TMte fui hace cuarenta y dos años, y todavía, cuando me escuchan hablar, me preguntan de dónde soy.

Aquel septiembre de 1965, Zafra se quedó con mi niñez, el tiempo en que las manos de los padres parecen guardar las soluciones de todos los problemas. El tiempo de la seguridad y de los olores que se instalan en la memoria. El tiempo en el que todo parece fácil.

Se quedó con la plaza Chica y con la plaza Grande; con el Parque; con los melones, enormes y amarillos, que invadían el aire y los veranos; con la calle Sevilla, el bullicio de los comercios junto al recogimiento del convento de Santa Clara, por cuyos dulces no pasa el tiempo ni el olvido; con el Arco de Jerez, donde empezaba la procesión en la que mis hermanos salían de cofrades; con la vista del convento del Rosario desde el Arco del Cubo; con los riscos de El Castellar, la parroquia de la Candelaria, el camino del cementerio, y las campanas; con el pilón donde no podíamos beber por miedo a las sanguijuelas; con la casa azul y el Pilar Redondo; con el Cristo del Pozo y la leyenda del bigotes ; con las casas-palacio y el castillo donde aprendíamos bailes regionales.

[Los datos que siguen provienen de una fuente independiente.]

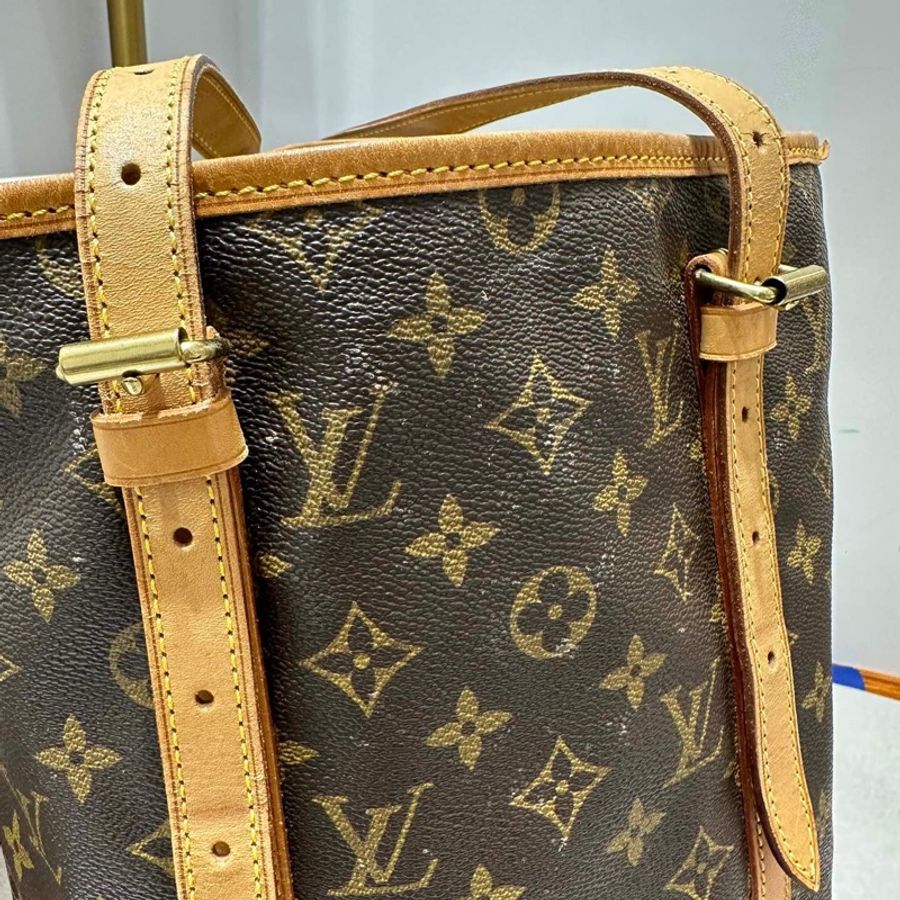 Louis Vuitton-10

No sé si algún día podré volver a mi pueblo. Pero, mientras tanto, vuelvo cada vez que escribo sobre él, cada vez que lo nombro, o que lo nombran, cada vez que la Feria Ganadera lo coloca en los telediarios y en las páginas de los periódicos. Siempre vuelvo, y recupero aquellos lugares que se quedaron, pero que se vinieron conmigo. Porque, hace décadas que vivo lejos de allí, pero, en realidad, se podría decir que nunca me he ido.